What is this tutorial?

This notebook demonstrates Crawl4AI's advanced capabilities through a real-world example: building a LinkedIn company and people discovery tool. You'll learn how to perform sophisticated web data extraction using AI-powered schema generation and structured data extraction.

What will we build?

A two-stage LinkedIn scraper that:

  1. Discovers companies based on search criteria (keywords + location)
  2. Extracts employees from each company's "People" page
  3. Outputs structured data in JSONL format ready for analysis

Why is this approach powerful?

Traditional web data extraction requires manually writing CSS selectors for each element.
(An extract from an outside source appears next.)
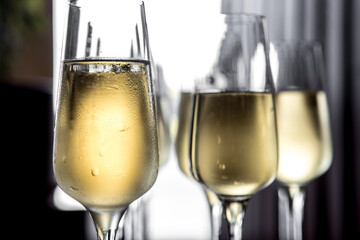 Champagne cool poured into glass glasses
Crawl4AI revolutionizes this by:

  • Auto-generating extraction schemas using LLM (one-time process)
  • Reusing schemas for fast, consistent data extraction
  • Handling dynamic content with built-in browser automation
  • Scaling efficiently without repeated LLM calls

Prerequisites

  • Google Colab environment (free tier is sufficient)
  • LLM API key for schema generation (Gemini recommended - free tier available)
  • Basic Python knowledge
  • LinkedIn account (for manual HTML snippet collection)

Tutorial Structure

Step 0: Install Crawl4AI

Install the library with all dependencies

Step 1: Environment Setup

Configure browser display using Crawl4AI's built-in setup methods

Step 2: Import and Configuration

Initialize crawler and define search parameters

Step 3: Prepare Schema Examples

Define target JSON structures and load HTML snippets

Step 4: Generate Extraction Schemas (One-time)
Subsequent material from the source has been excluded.